Going back and forth on neutrino oscillations.
Neutrinos came into physics to solve a mystery--the apparent disappearance of energy in certain forms of radioactive decay of atomic nuclei. Now they present physicists and astronomers with a couple of interrelated mysteries about their own nature. The most fundamental of these is whether neutrinos oscillate--that is, whether they change their identities in a cyclic way. The related mystery is whether such oscillations--if they exist--can explain why the sun shines without producing as many neutrinos as standard astrophysical theory says it should.
At the moment there is one experiment, at the Bugey reactor in the French Alps near Grenoble, that claims a positive observation of what looks like neutrino oscillations. Its representatives at the recent Twenty-Third International Conference on High-Energy Physics in Berkeley, Calif., ran into determined opposition from several other experimenters who report negative findings. The others are treating the Bugey data as an intrusion into an area of neutrino physics that they are busy coloring in negative hues. Meanwhile, several experiments are planned to look for oscillating neutrinos from the sun, and at least two of these are now being set up.
"There's a lot at stake here,' says Steven Weinberg of the University of Texas at Austin, who won part of a Nobel Prize for his work toward a theory that might give a single unified description of everything in particle physics. It is just such unified theories that are at issue in neutrino oscillations.
Around 1930, an anomaly in the important nuclear transformation process called beta decay gave physicist Wolfgang Pauli the occasion to postulate the neutrino's existence. Energy seemed to be disappearing unaccountably, and to save the law of conservation of energy Pauli suggested the existence of a particle that was electrically neutral, had no rest mass and interacted so feebly with other matter that it was almost undetectable.

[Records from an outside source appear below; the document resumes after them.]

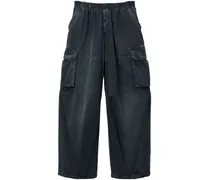 Gerade Cargohose - Schwarz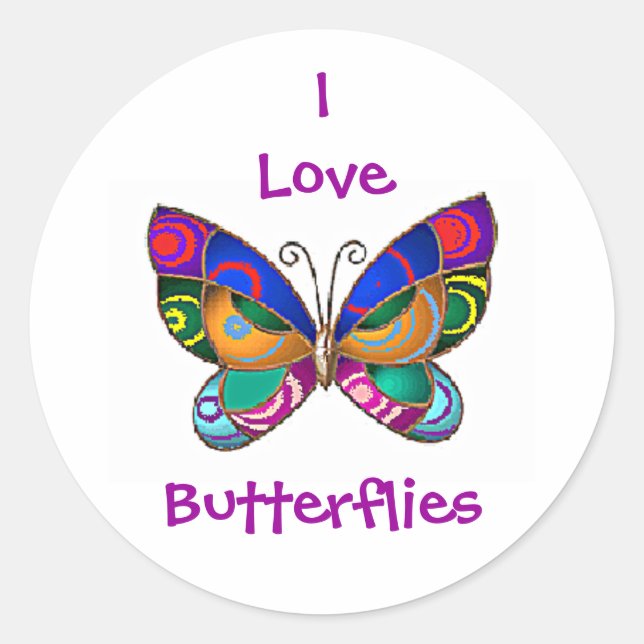J'adore les papillons Stickers ronds (Devant)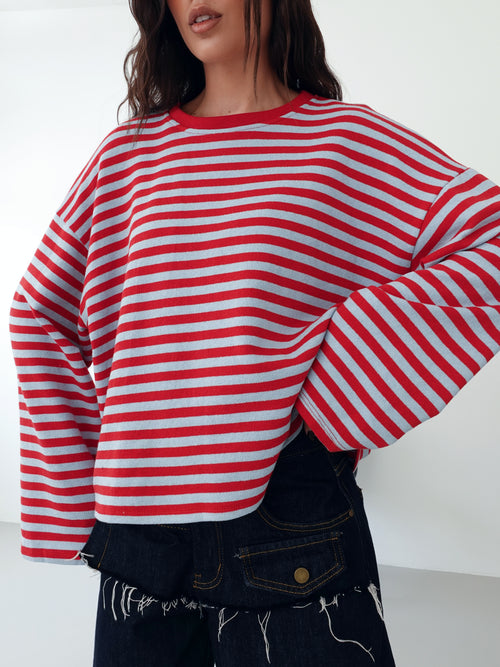 LONG-SLEEVE A RIGHE - AZZURRO/ROSSO F1109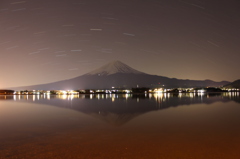 夜の富士と南の夜空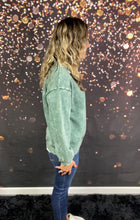 Load image into Gallery viewer, Dark green vintage wash 1/4 zip up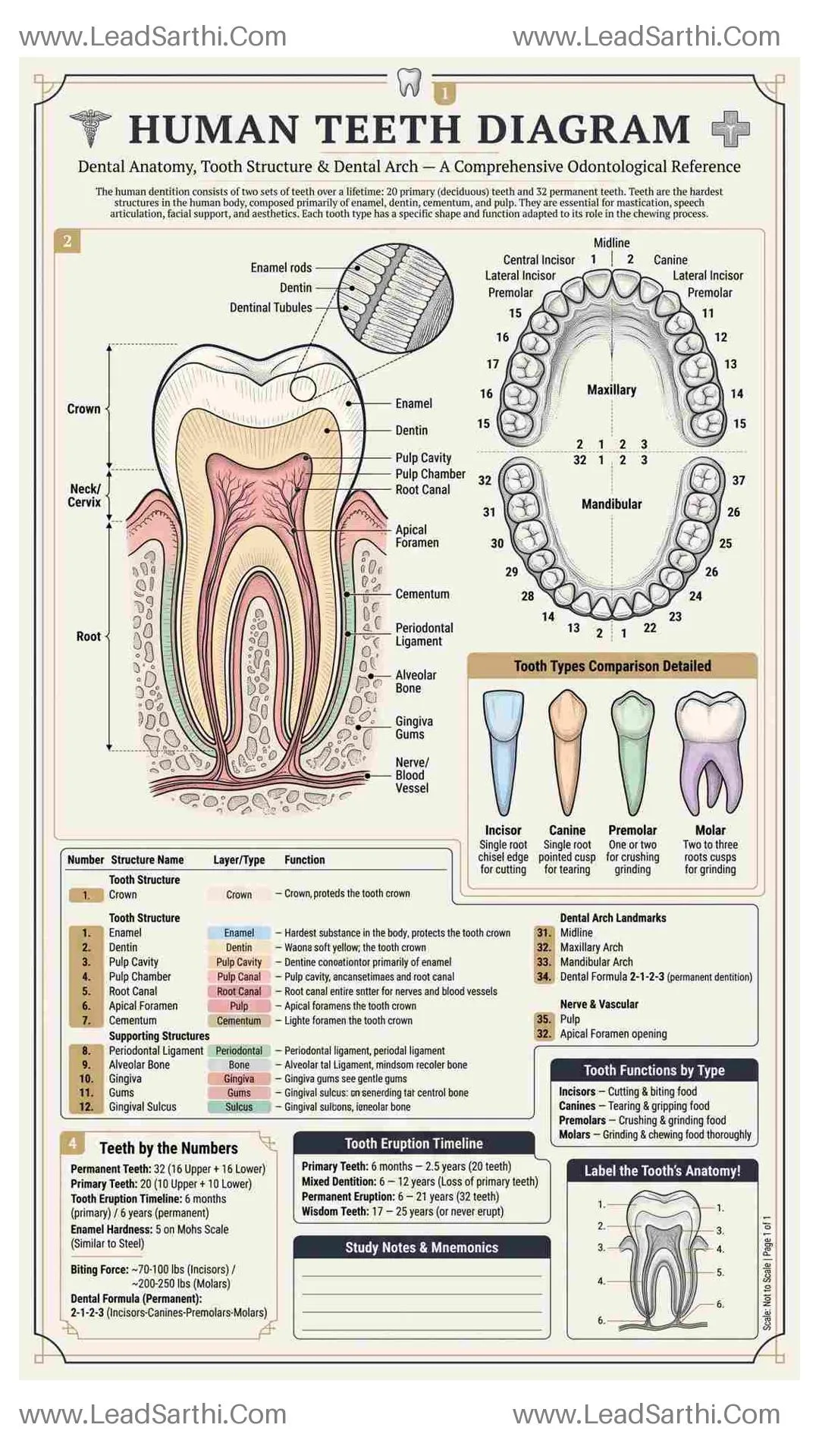Human Teeth Diagram PDF | Printable Labeled Teeth Anatomy Chart Thumbnail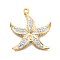 304 Stainless Steel Polymer Clay Rhinestone Pendants, Vacuum Plating, Starfish, 26.5x24.5x2.5mm, Hole: 1.7mm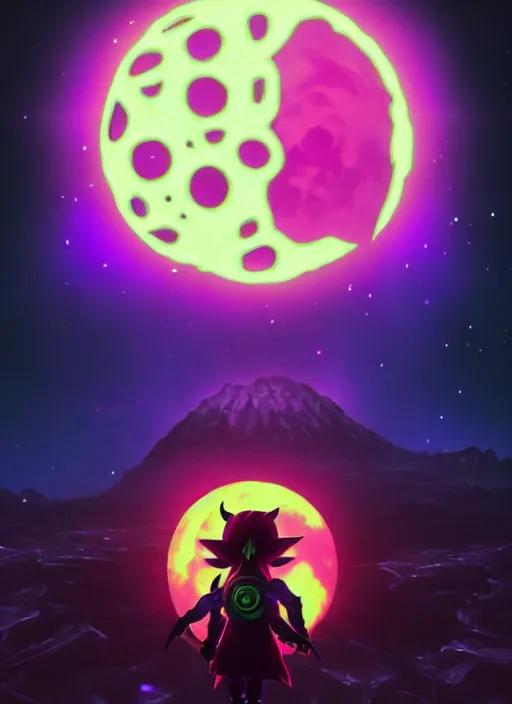 Prompt: majora\'s mask evil moon looking at link maniacally, night sky, starry night, legend of zelda, dramatic lighting, cinematic, film, dynamic pose,  movie scene, colorful, dark, concept, 8K, actor as role, octane render, visionary, artstation,neon lighting, intense shadows, legend of zelda link staring at the moon, insanely detailed octane render, 8k film photography, photorealistic,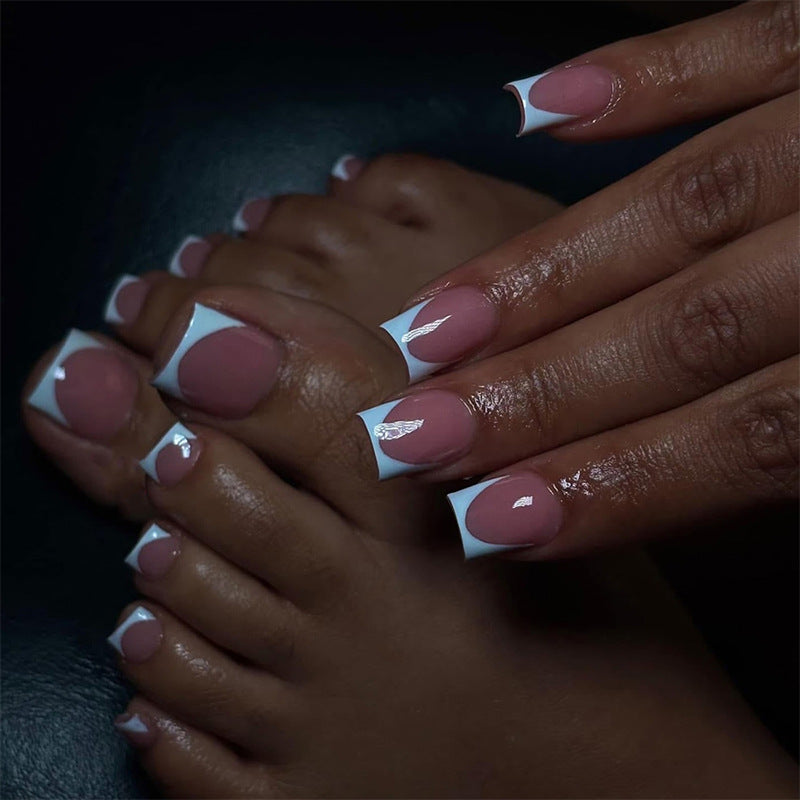 Artistic French Tip Press-On Nails Set kalsten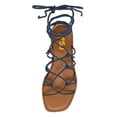 thumbnail image 5 of FSJ Women Open Toe Lace up Gladiator Sandals Woven Strappy Ankle Wrap Flats Summer Beach Outdoor Shoes Size 8 Navy, 5 of 5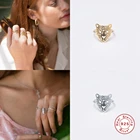 Aide 925 браслет с головой леопарда из стерлингового серебра Открытое кольцо для мужчин и женщин любимой Регулировка размера брендовая модная одежда на день рождения, вечерние корейский кольца, ювелирное изделие, подарок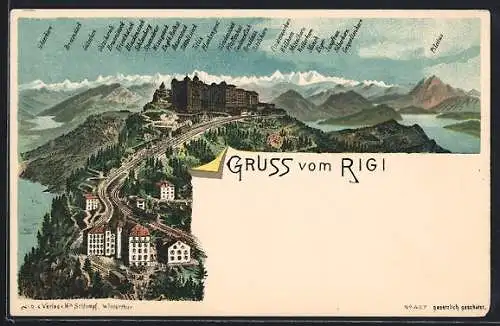 Lithographie Rigi, Rigi-Staffel mit Bergbahn und Hotel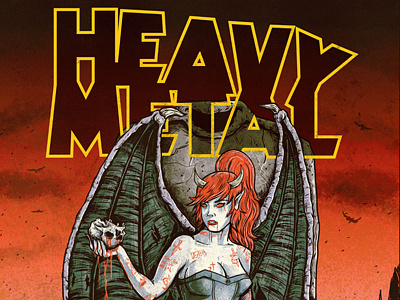 Heavy Metal cover dark demoness evil grungy heavy metal illustration magazine skulls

Today, attempts at unified theories of physics have changed things a bit. They endow neutrinos with an extremely small rest mass--a few electron-volts at most--and with this property of oscillation. We now know that there are at least three varieties of neutrino, called electron, muon and tau neutrinos. Oscillation means that as a neutrino flies along it changes back and forth between two or all three of these identities. The various attempts at unified theories propose differing ways for this to happen, and what's at stake in neutrino oscillations is whether any or all of these proposed theories work.
Nuclear processes that go on in the sun should produce neutrinos. In terms of a unit defined expressly for this measurement, the recorded flux at earth should be upwards of 7 solar neutrino units (SNU). The classic experiment, led by Raymond Davis of Brookhaven National Laboratory in Upton, N.Y., and located in the Homestake gold mine near Lead, S.D., has been looking for about a decade and a half now and has never found much more than 2 SNU.
However, the Davis experiment is set up to find only one kind of neutrino. If neutrinos oscillate, the experiment may be missing much or most of the solar flux. One way that could come about is the concern of a theory called MSW, for two Russian physicists Mikhaev and Smernov and Lincoln Wolfenstein of Carnegie-Mellon University in Pittsburgh.
This theory proposes a resonance between neutrino oscillation and the structure of the center of the sun. As Weinberg describes it, neutrino oscillation can be viewed in terms of matter waves. Each kind of neutrino is represented by a different matter-wave frequency. As the wave representing a given neutrino moves along, it is first dominated by the frequency corresponding to, say, an electron neutrino. As it moves, it gradually detunes itself and tunes in on the frequency of, say, a tau neutrino. Then it reverses.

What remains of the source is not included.